On Sun, Jul 14, 2013 at 5:20 AM, Andy Earnshaw <andyearnshaw at gmail.com> wrote:

I certainly do, at least for Canonicalize-. I've come across one user agent that returns navigator.language in non-canonical form which presented a small problem for data I had stored with canonical file names. This was a WebKit based Smart TV platform from 2012, so it was fairly recent, there could be other platforms or frameworks that do the same.

FWIW, exposing a new API because another API is broken in a particular implementation is a known anti-pattern. We should fix problems at the source.

# Andy Earnshaw (11 years ago)

On Mon, Jul 15, 2013 at 9:37 PM, Anne van Kesteren <annevk at annevk.nl> wrote:

On Sun, Jul 14, 2013 at 5:20 AM, Andy Earnshaw <andyearnshaw at gmail.com> wrote:

I certainly do, at least for Canonicalize-. I've come across one user agent that returns navigator.language in non-canonical form which presented a small problem for data I had stored with canonical file names. This was a WebKit based Smart TV platform from 2012, so it was fairly recent, there could be other platforms or frameworks that do the same.

FWIW, exposing a new API because another API is broken in a particular implementation is a known anti-pattern. We should fix problems at the source.

Normally, I would agree. However, I was just using my scenario as an example for where exposing the API would have been useful for me. I can also think of a few other reasons:

  • Language tags can be in extlang form or canonical form. Depending on the source providing the language tag, it's not guaranteed to be the canonical form (extlang form can reinstate extlang subtags that were removed during canonicalisation).
  • The Internationalization API doesn't cover all aspects of its namesake, like translation, or formatting of postal codes or telephone numbers, as a few examples. Developer libraries could augment Intl with this data, so it would make lives easier if we exposed CanonicalizeLanguageTag to be used by such libraries.
  • Canonicalisation has at least a couple of optional steps (like normalising case or ordering variant subtags) so exposing a canonicalizing method would give developers a way to achieve consistency with the Internationalisation API.

navigator.language isn't part of any stable specification, and even the current HTML 5.1 draft doesn't specify that tags should be returned in canonical form.
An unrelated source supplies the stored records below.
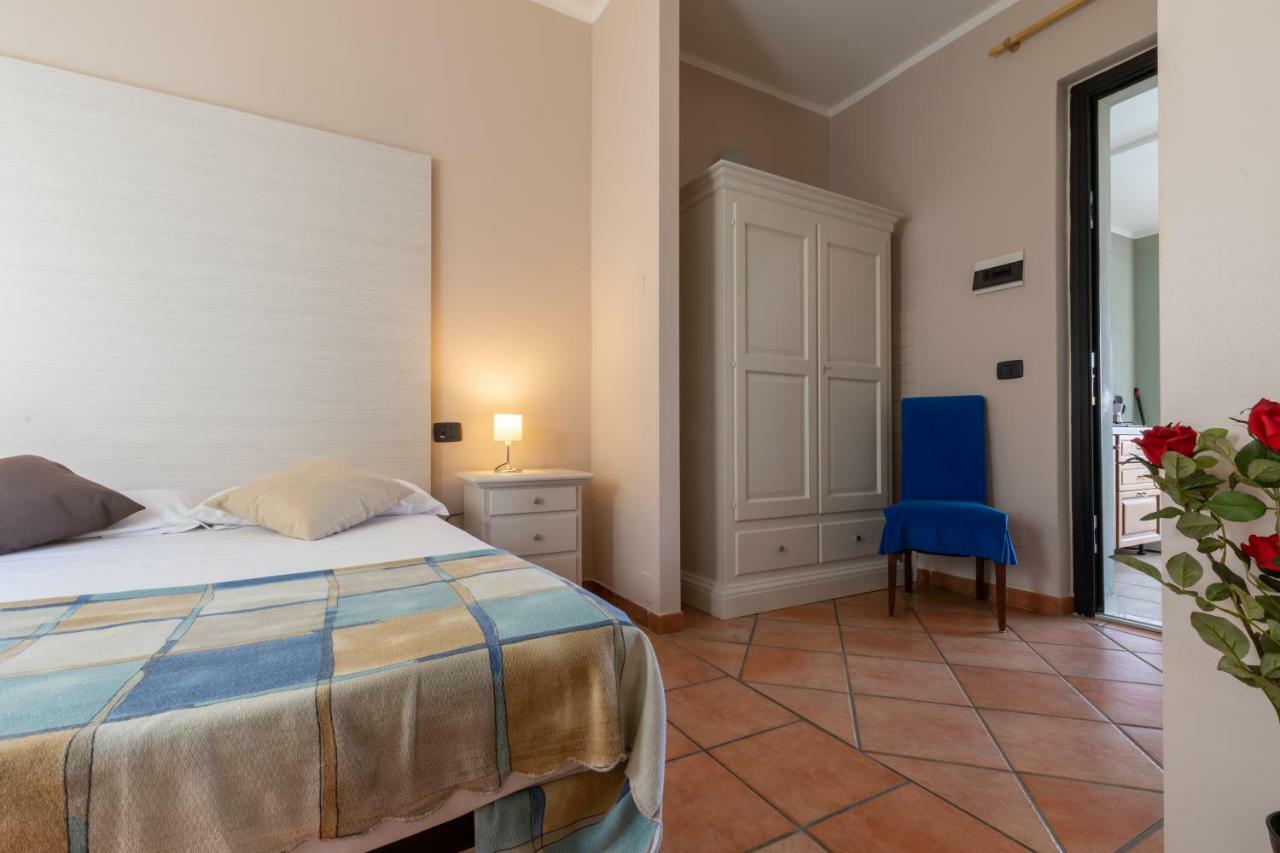 Aparthotel Borgo Blu Poggio Lazise Exterior foto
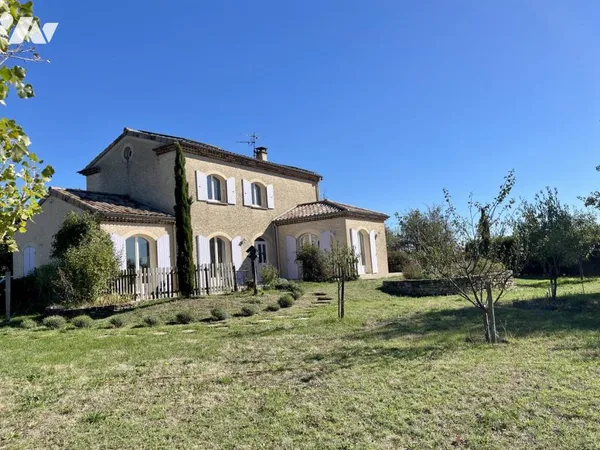 Maison 5 pièces 154 m²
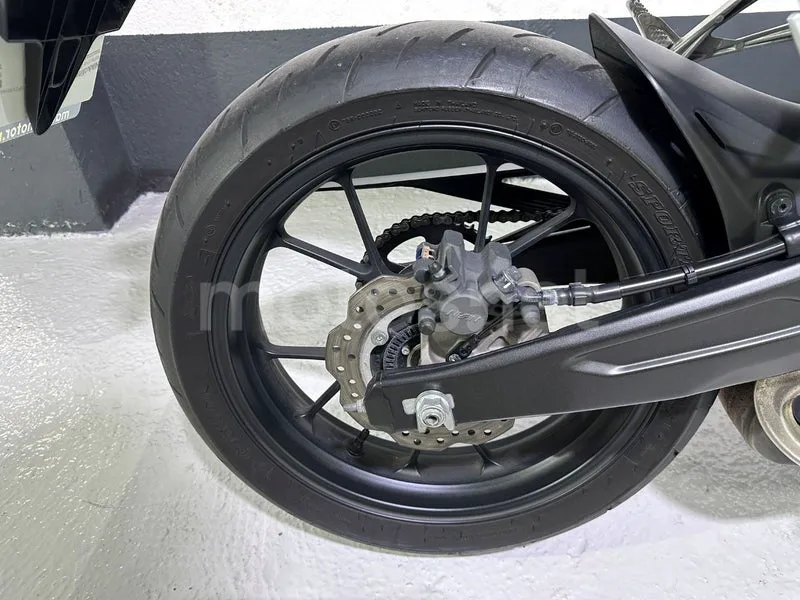 Honda CB125R - Vista 36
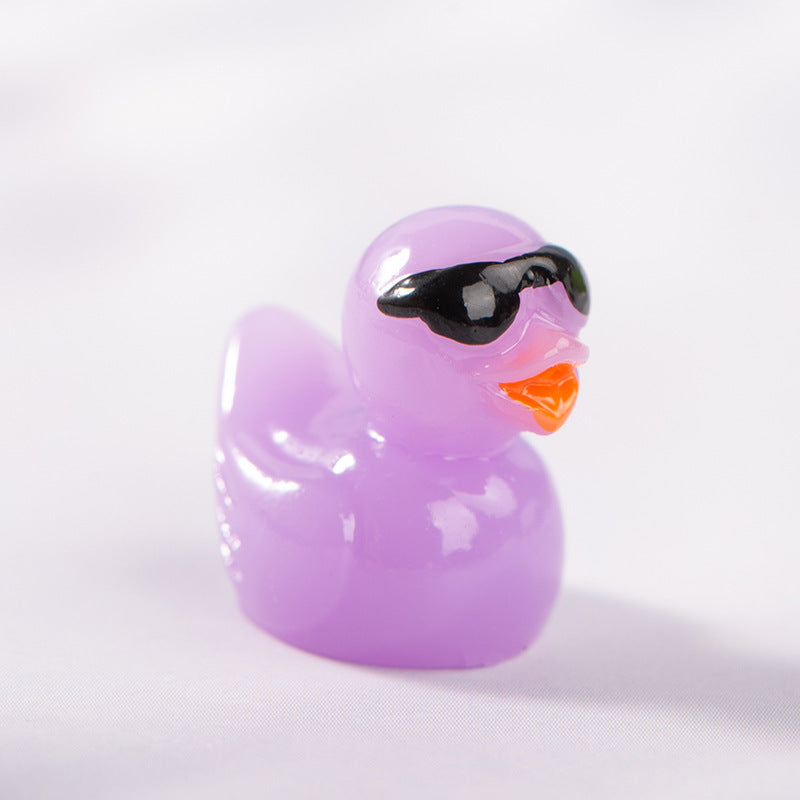 Micro-World Charm: Cute Mini Colorful Little Duck Resin Ornaments for Moss Landscapes.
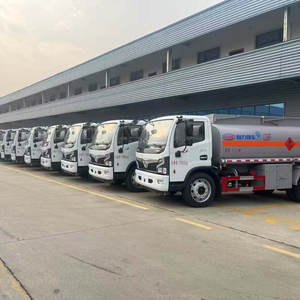 Camión Cisterna Dongfeng 4x2 <span class=keywords><strong>de</strong></span> 8500L para Transporte <span class=keywords><strong>de</strong></span> Petróleo, Diésel y Gasolina - Product Image 3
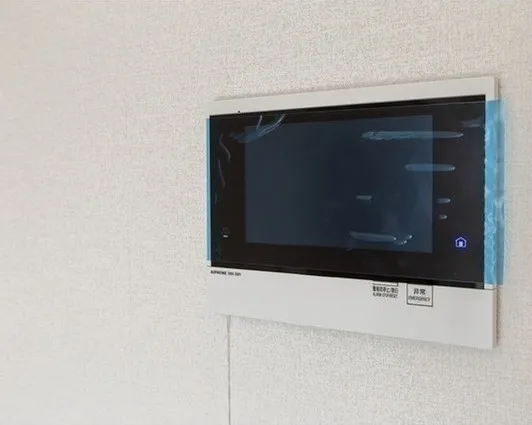 La Sante Ueno - Interior - ["Television", "Rectangle", "Home appliance"]
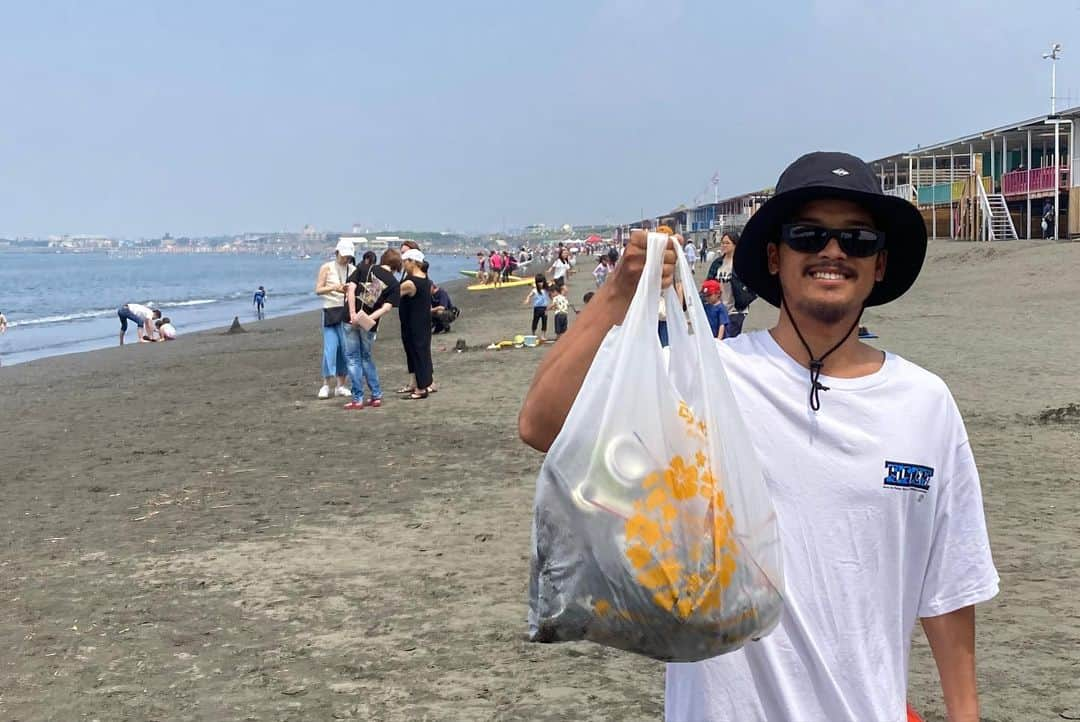 ビラボンさんのインスタグラム写真 - (ビラボンInstagram)「“PROTECT THE PLACES WE PLAY”  夏本番を前にBILLABONGと西浜サーフライフセービングクラブが 昨年の江ノ島オーシャンクリーンに続き共同イベントを開催。  かながわ海岸美化財団によると、神奈川県の海岸で1年間に回収されるゴミの量は約2000トン。じつはその7割は川から流れ着く。街で暮らすわたしたちが出す多くのゴミが雨や風に運ばれ、川を通じて海まで流出してしまうという。原因の多くはポイ捨てだが、きちんと捨てられたはずのゴミ置き場からのゴミ流出も少なくない。つまり、海に落ちているゴミに無関係な人はいない。 イベントを通じて、ゴミを減らすにはゴミの出口と入口の両方の取組みが必要だと感じた。まず大切なのは、回収がむずかしい外洋へと流れ出る前に海岸という出口でゴミを食い止めること。そして、ゴミの入り口となるわたしたちの日々の暮らしにおいて、できる限りゴミを出さない工夫をしていくことが何よりも重要なのだ。いつまでも、きれいな海で楽しく遊ぶために。  Special Thanks @nishihamaslsc  @bikazaidan  @keito_matsuoka  @monnojo_yahagi  @taro__takai  📷 @junjikumano  🖌️ @thinkwastyle」7月6日 11時26分 - billabong_japan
Do you think it would be a good idea to raise an issue for this?

Andy

# Anne van Kesteren (11 years ago)

On Mon, Jul 15, 2013 at 7:51 PM, Andy Earnshaw <andyearnshaw at gmail.com> wrote:

navigator.language isn't part of any stable specification, and even the current HTML 5.1 draft doesn't specify that tags should be returned in canonical form. Do you think it would be a good idea to raise an issue for this?

Filed www.w3.org/Bugs/Public/show_bug.cgi?id=22681

-- annevankesteren.nl

# Ian Hickson (11 years ago)

On Tue, 16 Jul 2013, Andy Earnshaw wrote:

navigator.language isn't part of any stable specification

It's part of the HTML standard:

whatwg.org/html/#language-preferences

...which is very stable at this point (there's basically no way that part of the spec can change in an incompatible fashion, since it's widely implemented; the only possible changes are those that approach reality more, and those that add features).

and even the current HTML 5.1 draft doesn't specify that tags should be returned in canonical form. Do you think it would be a good idea to raise an issue for this?

Fixed. (A change that approaches reality more.)

# Zbigniew Braniecki (11 years ago)

Anne van Kesteren <mailto:annevk at annevk.nl> July 15, 2013 1:37 PM

FWIW, exposing a new API because another API is broken in a particular implementation is a known anti-pattern. We should fix problems at the source.

Good point, but I believe that there are more potential sources of language tags passed to language negotiation, including programmed composition, feeding from unknown sources (databases etc.), or even manually entered by the user.

Having a function that enables us to canonicalize it (even the simplest part of that - upper/lower cases) allows to use compare operators (langTag1 == langTag2), or, in localization case, allows us to build a path to the resource on case sensitive systems.